**Exercise brief**:
All lines from the one containing "2024年县农业农村工作总结范文" through the final line of the records below should be reproduced exactly, with the pictures left out.

▼▼▼

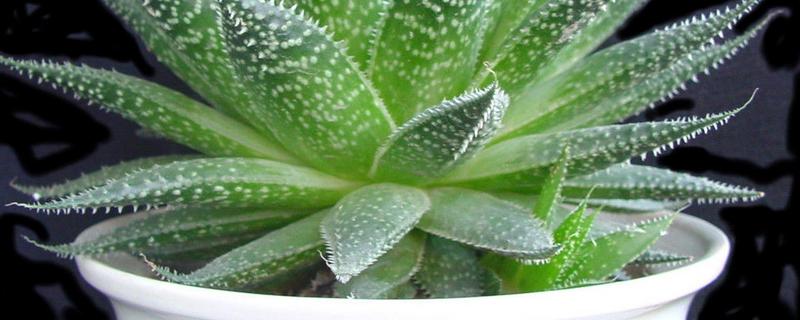 波路的繁殖方法，附波路的养护方法 波路怎么种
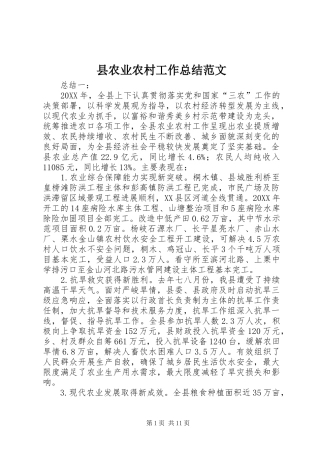 2024年县农业农村工作总结范文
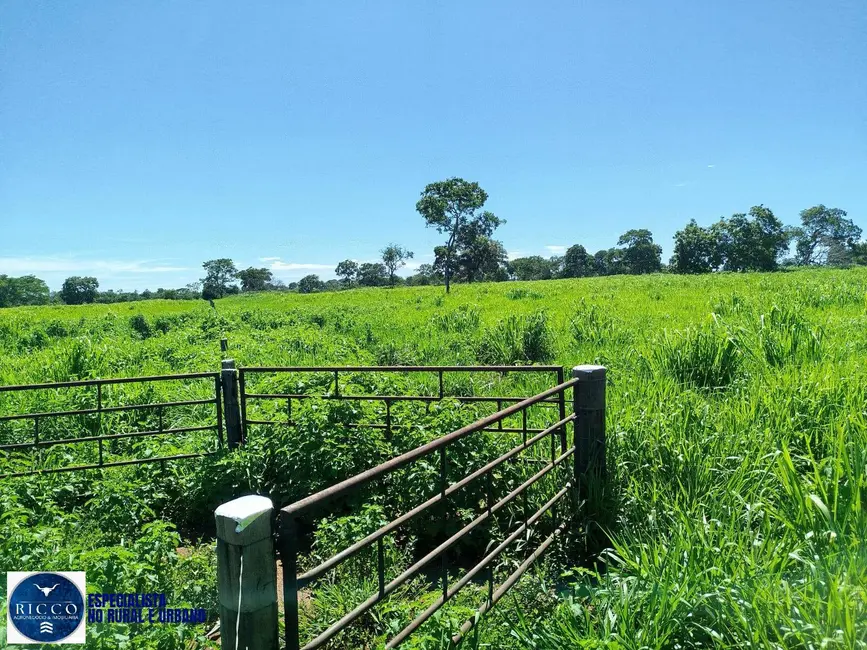 Foto 6 de Fazenda / Haras com 3 quartos à venda, 21m2 em Santa Terezinha De Goias - GO
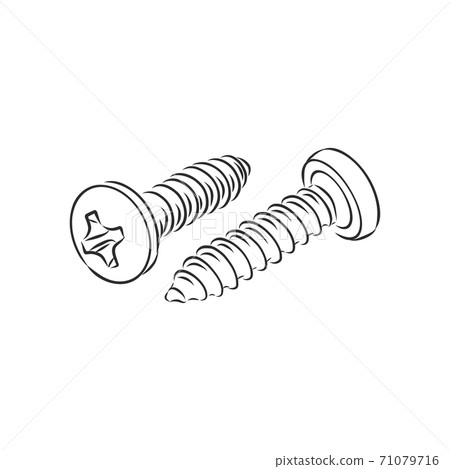 screws, nails isolated on a white background. Vector illustration, metal screw vector sketch illustration screws, nails isolated on a white background. Vector illustration, metal screw vector sketch illustration 71079716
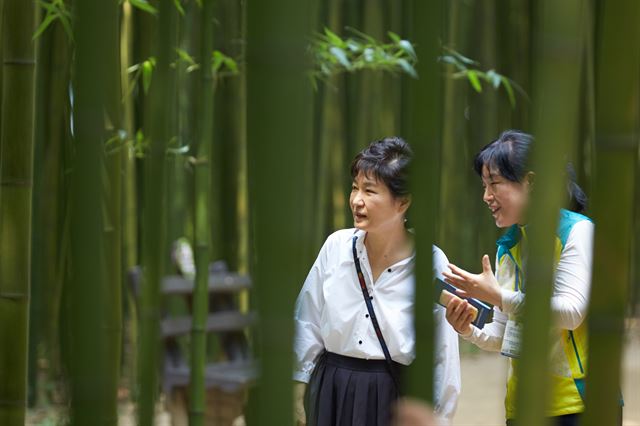 휴가중인 박근혜 대통령이 28일 울산시 중구 태화강 십리대숲을 둘러보고 있다. 박 대통령은 휴가를 이틀 남겨둔 이날 울산 태화강 십리대숲, 대왕암공원을 돌아보고 시민들과 만난 뒤 재래시장인 신정상가시장에서 오찬을 가졌다. 청와대 제공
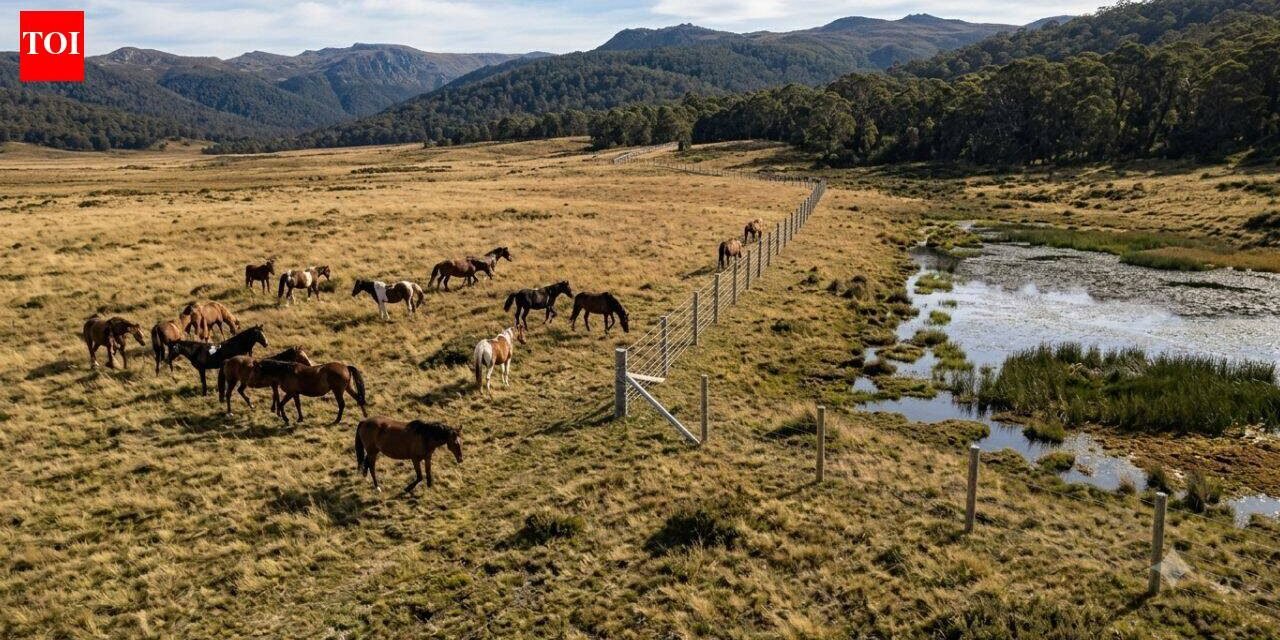 Australia spends $187,000 to build an electric fence in Wild Horse Plains, but the real reason is one of its rarest alpine wetlands | World News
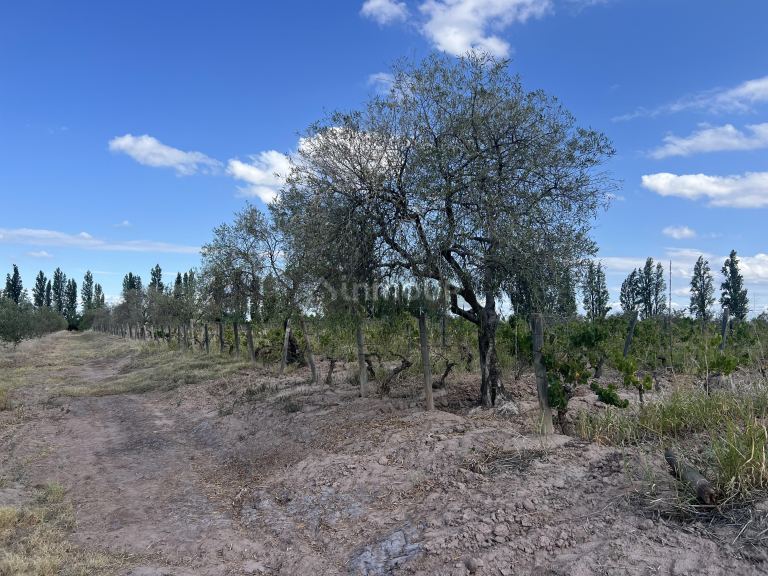 Finca en Venta en Maipu, Mendoza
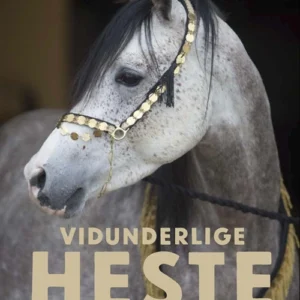 Vidunderlige heste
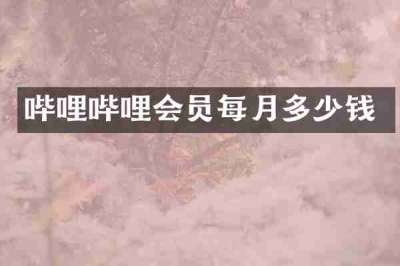 哔哩哔哩会员每月多少钱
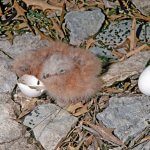 Newly-hatched Common Poorwill chick. Photo by Rick Bowers, Macaulay Library at the Cornell Lab of Ornithology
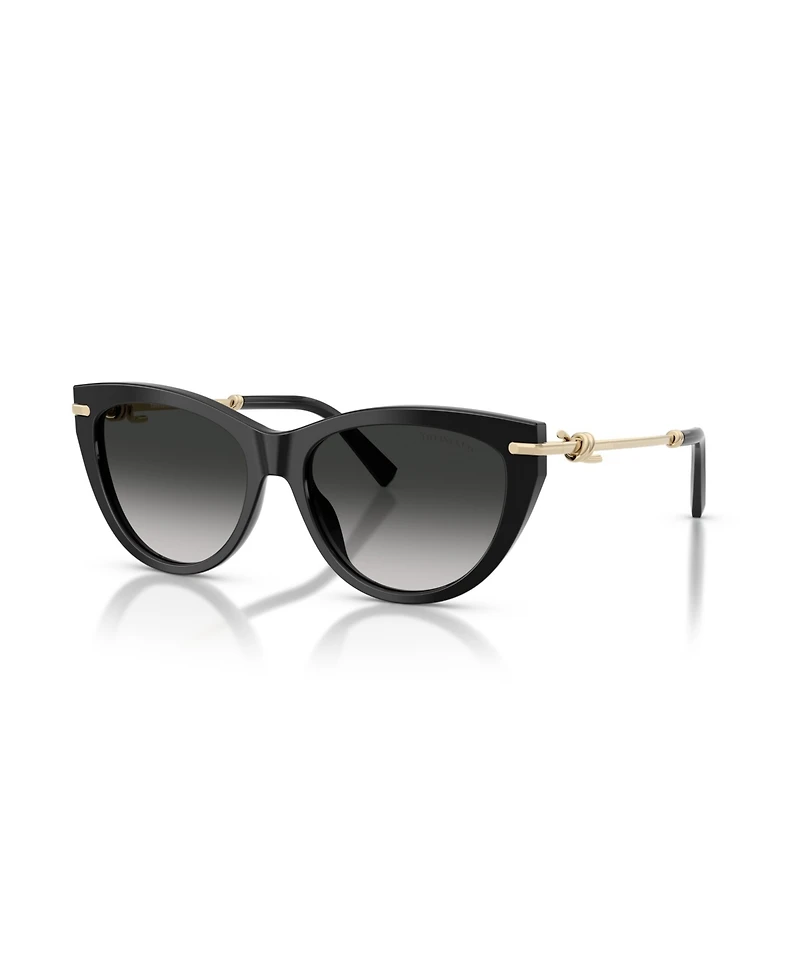 Tiffany & Co. Women's Cat Eye Sunglasses, TF4253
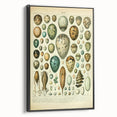 Vintage Egg Illustration - Nature Elements Wall Art Print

▲▲▲

**Solution for this problem**:
 2024年县农业农村工作总结范文
 Foto 6 de Fazenda / Haras com 3 quartos à venda, 21m2 em Santa Terezinha De Goias - GO
 screws, nails isolated on a white background. Vector illustration, metal screw vector sketch illustration screws, nails isolated on a white background. Vector illustration, metal screw vector sketch illustration 71079716
 휴가중인 박근혜 대통령이 28일 울산시 중구 태화강 십리대숲을 둘러보고 있다. 박 대통령은 휴가를 이틀 남겨둔 이날 울산 태화강 십리대숲, 대왕암공원을 돌아보고 시민들과 만난 뒤 재래시장인 신정상가시장에서 오찬을 가졌다. 청와대 제공
 Australia spends $187,000 to build an electric fence in Wild Horse Plains, but the real reason is one of its rarest alpine wetlands | World News
 Finca en Venta en Maipu, Mendoza
 Vidunderlige heste
 哔哩哔哩会员每月多少钱
 Newly-hatched Common Poorwill chick. Photo by Rick Bowers, Macaulay Library at the Cornell Lab of Ornithology
 Tiffany & Co. Women's Cat Eye Sunglasses, TF4253
 Vintage Egg Illustration - Nature Elements Wall Art Print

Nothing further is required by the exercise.